:: Task input

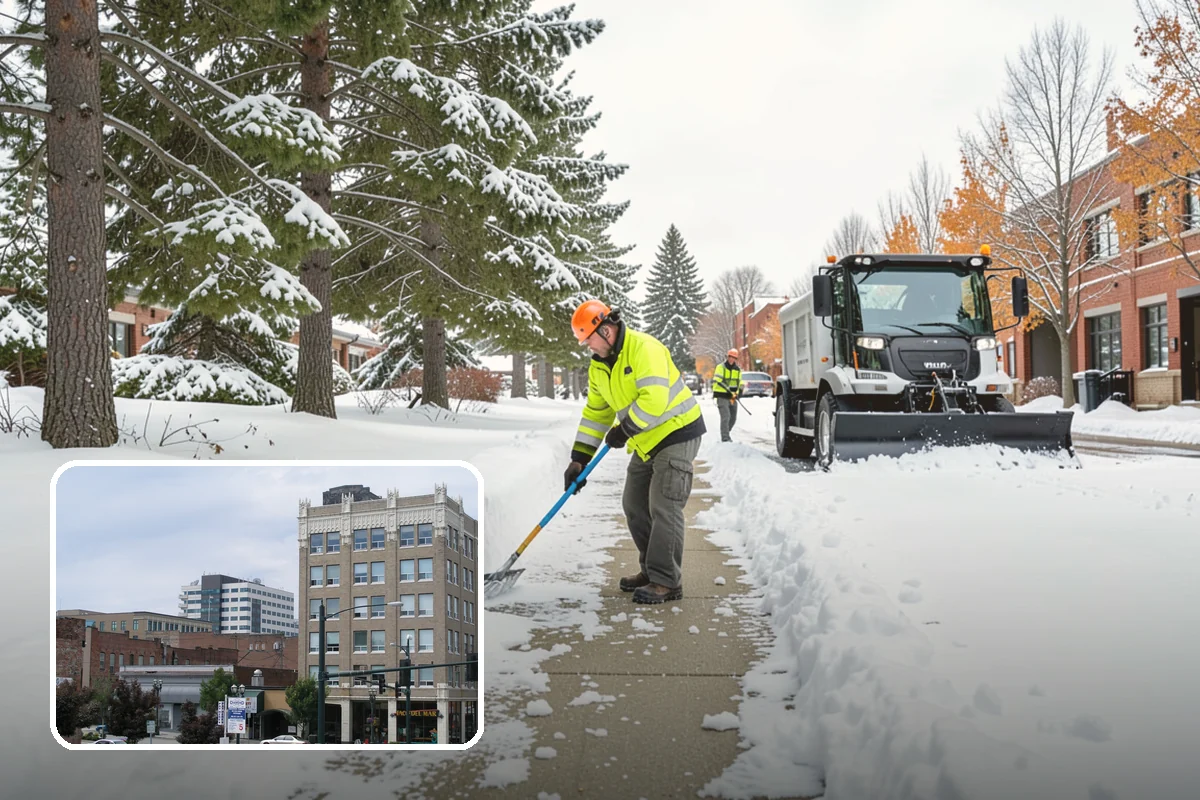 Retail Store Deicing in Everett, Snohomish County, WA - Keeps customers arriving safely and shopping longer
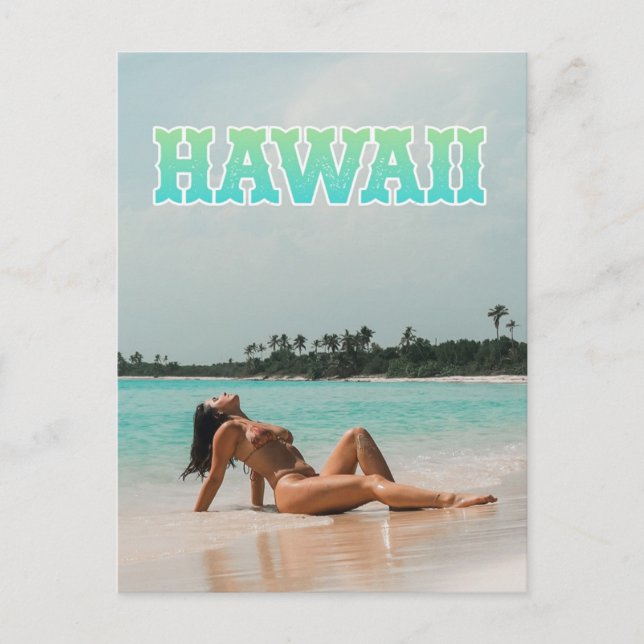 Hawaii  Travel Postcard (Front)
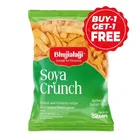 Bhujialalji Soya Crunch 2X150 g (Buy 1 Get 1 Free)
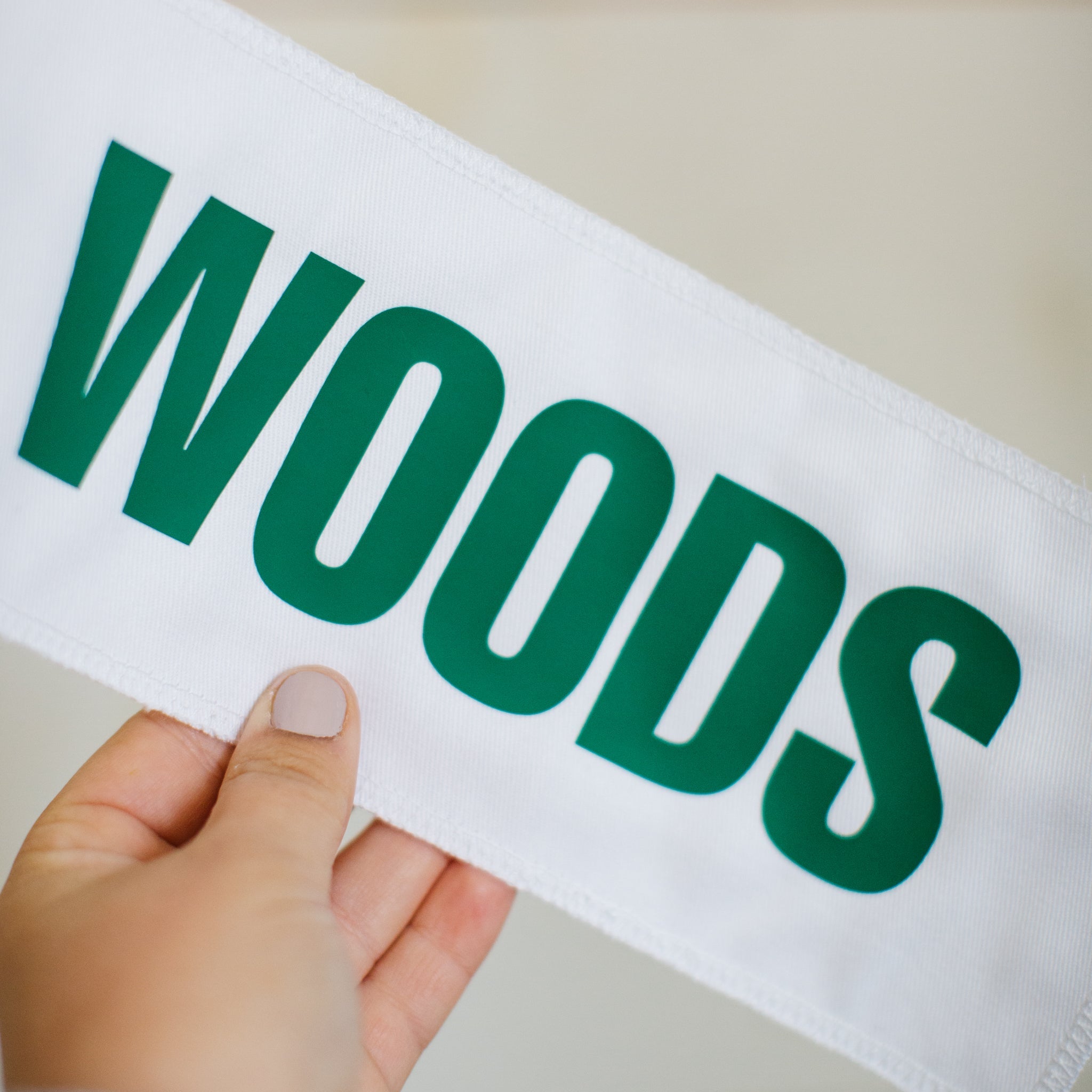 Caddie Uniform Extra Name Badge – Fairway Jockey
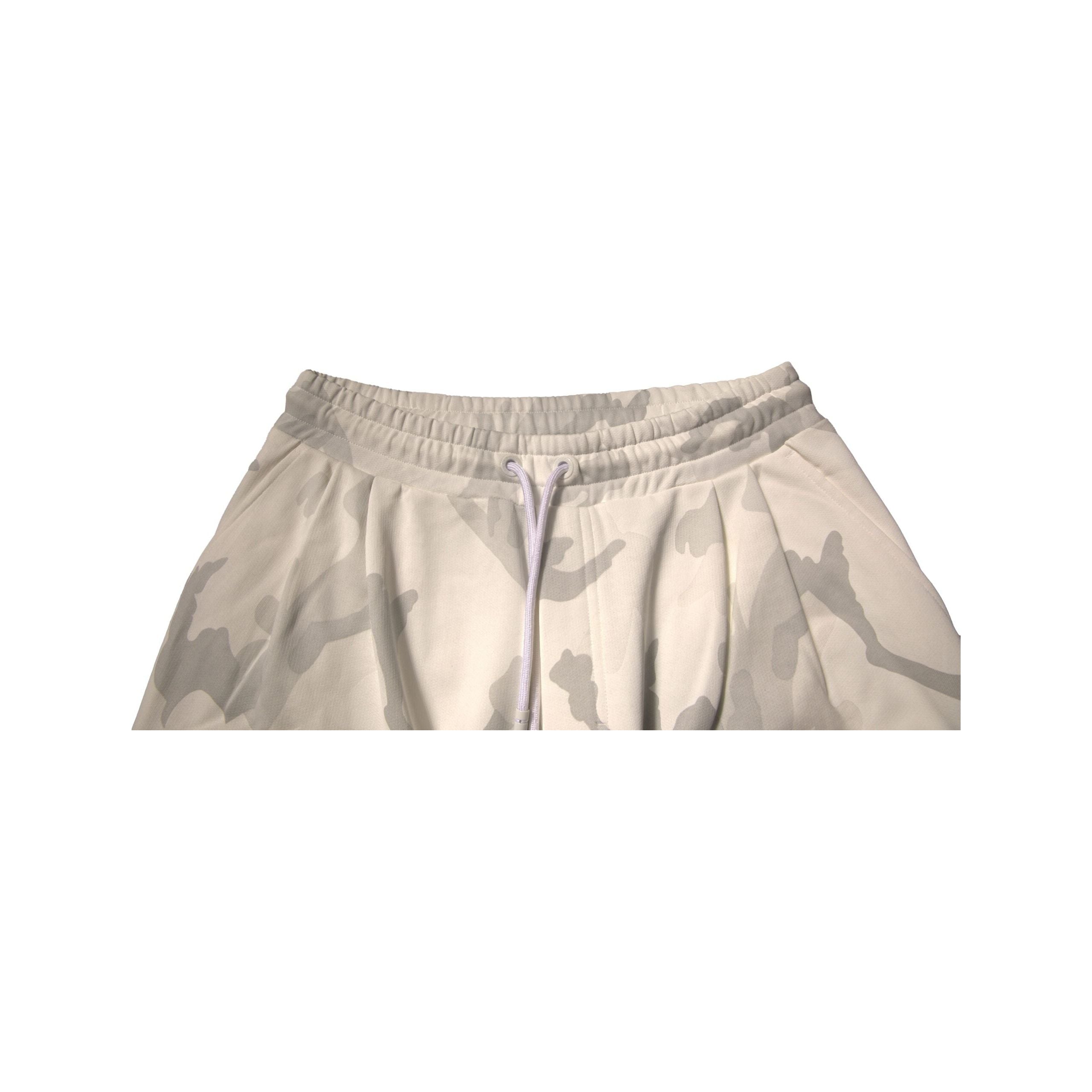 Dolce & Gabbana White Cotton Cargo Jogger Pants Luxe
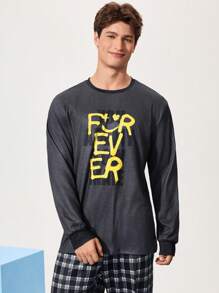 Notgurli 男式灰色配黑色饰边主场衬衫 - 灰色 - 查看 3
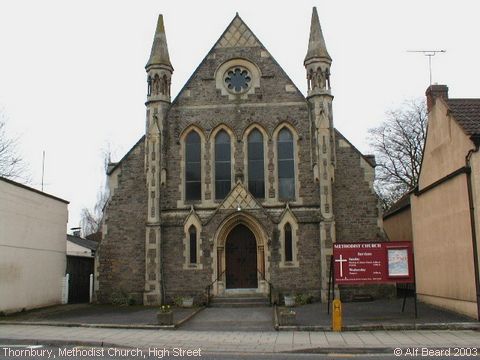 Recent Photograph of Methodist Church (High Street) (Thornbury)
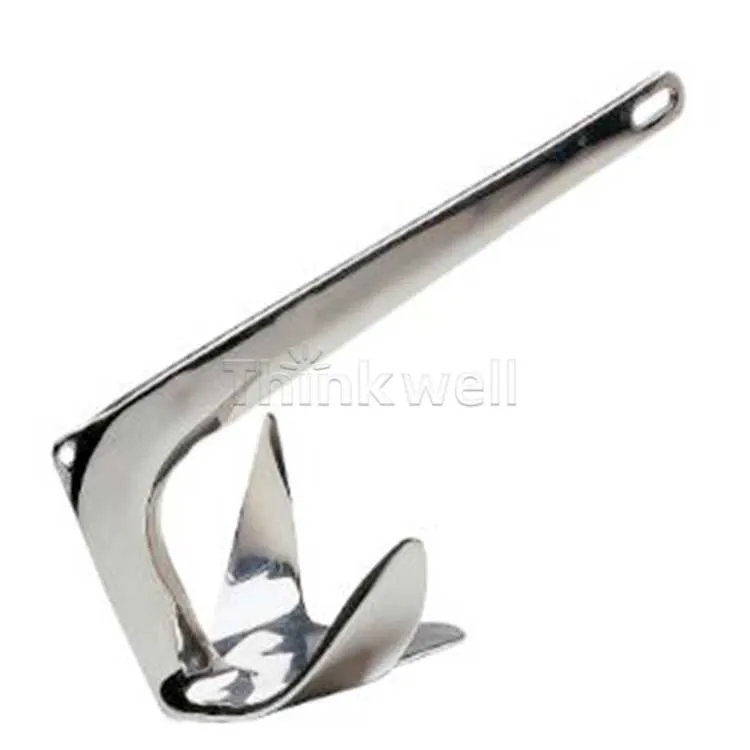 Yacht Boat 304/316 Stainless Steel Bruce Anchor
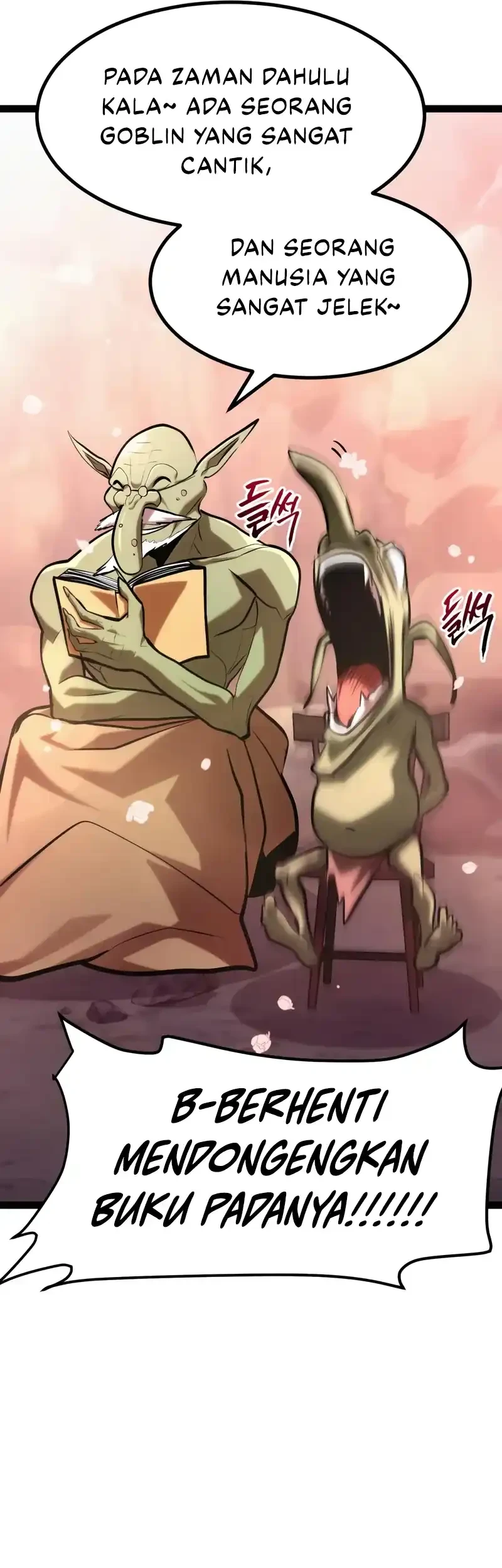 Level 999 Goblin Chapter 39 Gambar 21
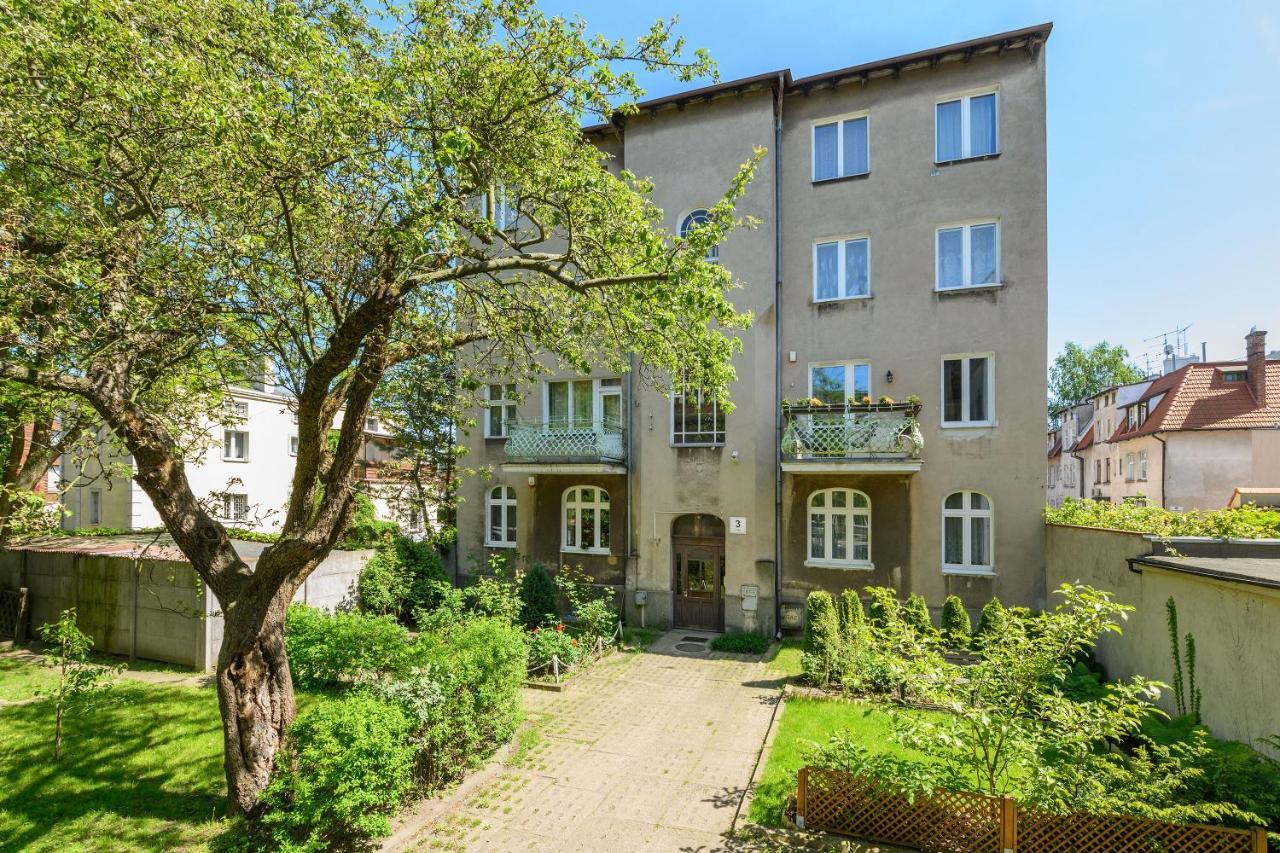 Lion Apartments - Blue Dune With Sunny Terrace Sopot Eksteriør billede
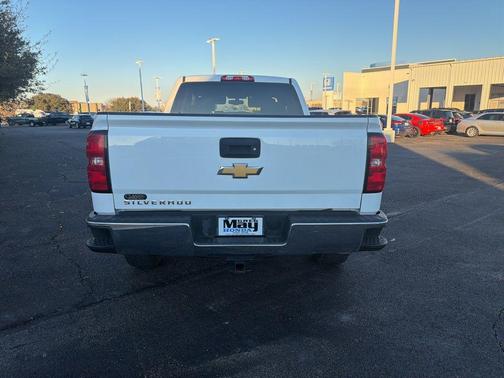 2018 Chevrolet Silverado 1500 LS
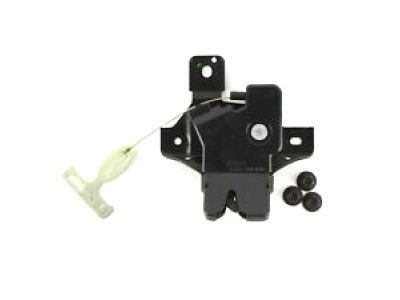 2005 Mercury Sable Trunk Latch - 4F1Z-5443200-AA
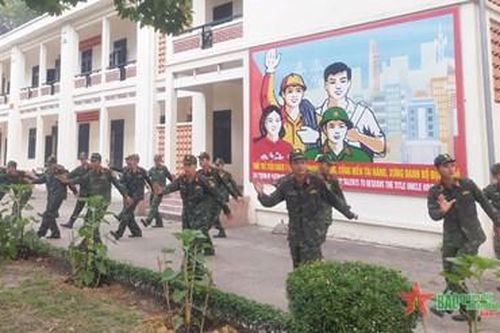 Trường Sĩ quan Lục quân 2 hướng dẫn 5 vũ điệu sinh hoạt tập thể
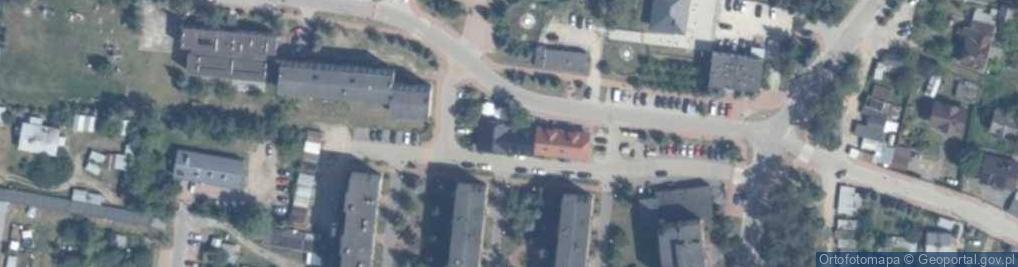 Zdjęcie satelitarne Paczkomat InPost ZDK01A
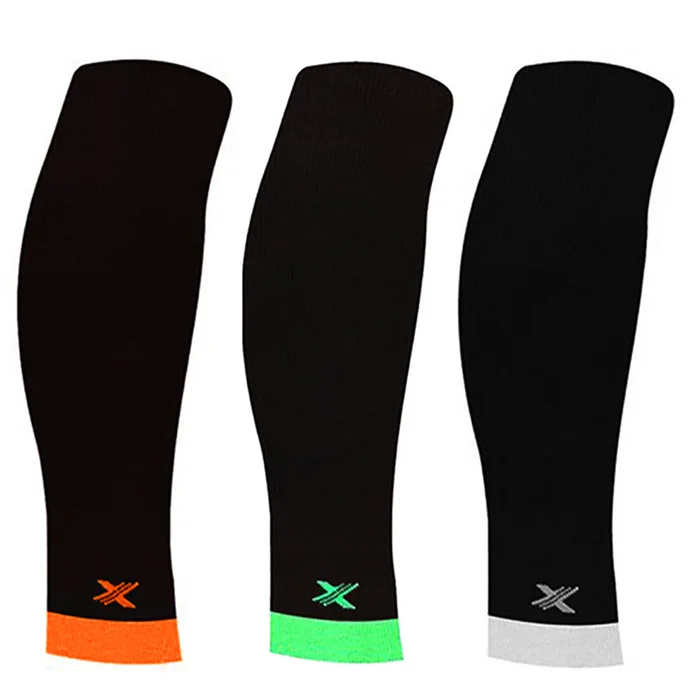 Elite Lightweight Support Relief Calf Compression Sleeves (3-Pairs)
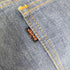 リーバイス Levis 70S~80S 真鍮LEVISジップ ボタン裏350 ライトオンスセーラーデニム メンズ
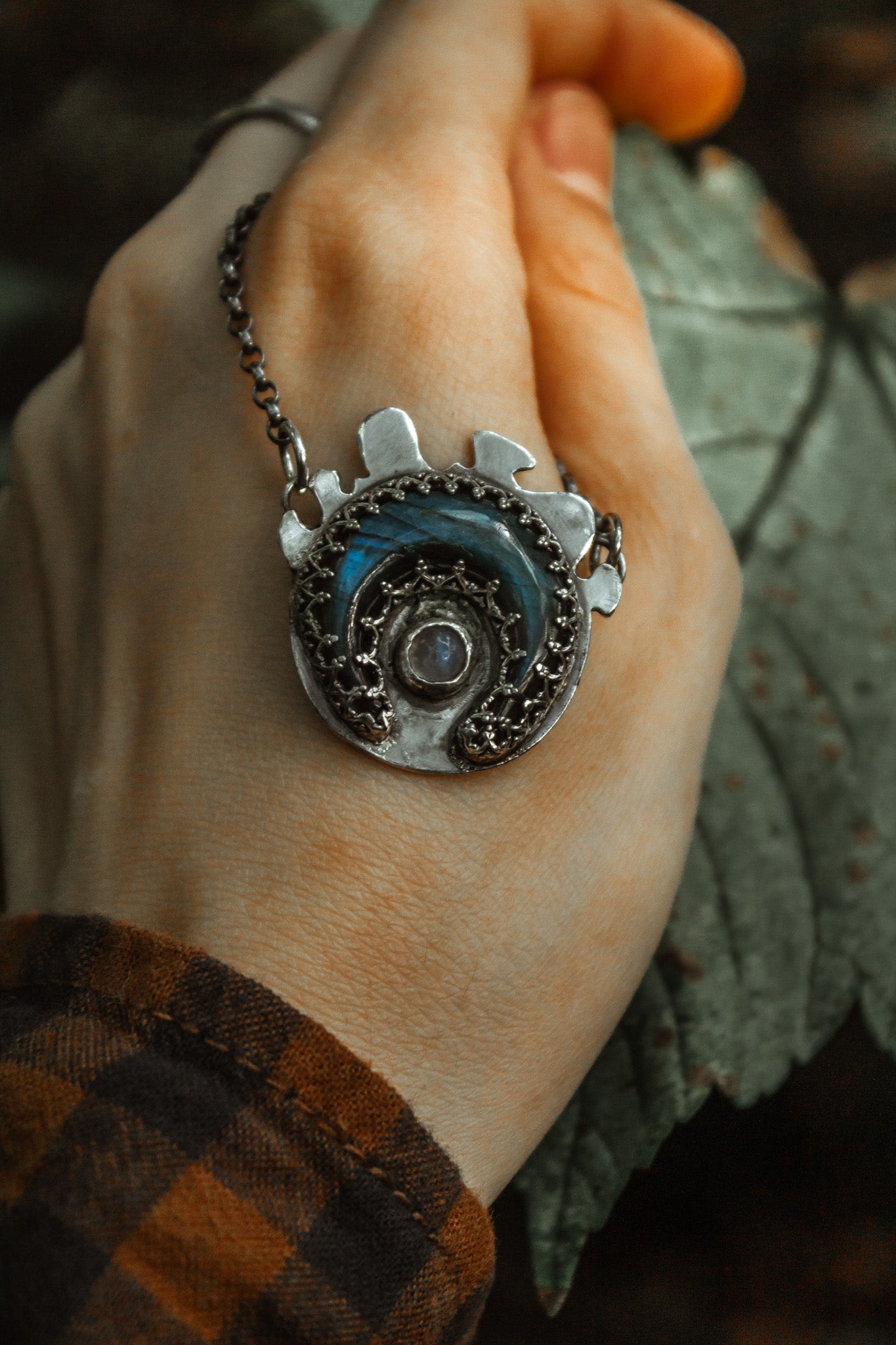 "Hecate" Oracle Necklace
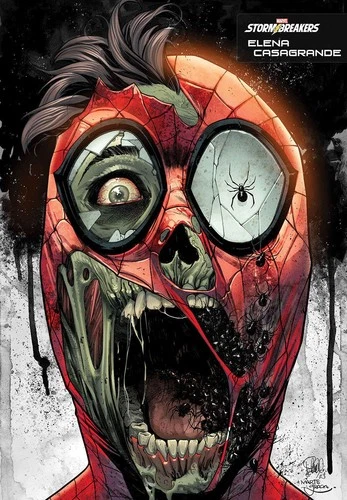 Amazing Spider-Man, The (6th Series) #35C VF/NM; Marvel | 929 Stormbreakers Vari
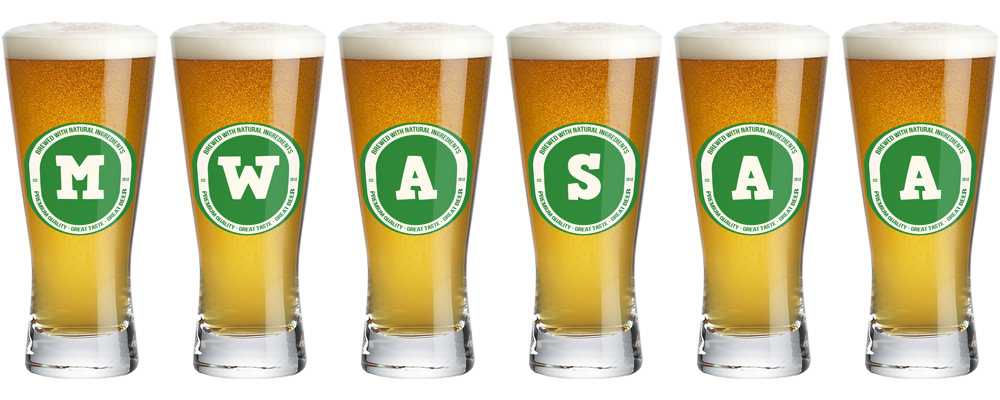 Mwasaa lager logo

::::

- Action item -
Starting with the line that contains "Amazing Spider-Man, The", give the lines again exactly as they appear through the last line of the data, pictures excluded.

- Solution to this problem -
 Amazing Spider-Man, The (6th Series) #35C VF/NM; Marvel | 929 Stormbreakers Vari
 Mwasaa lager logo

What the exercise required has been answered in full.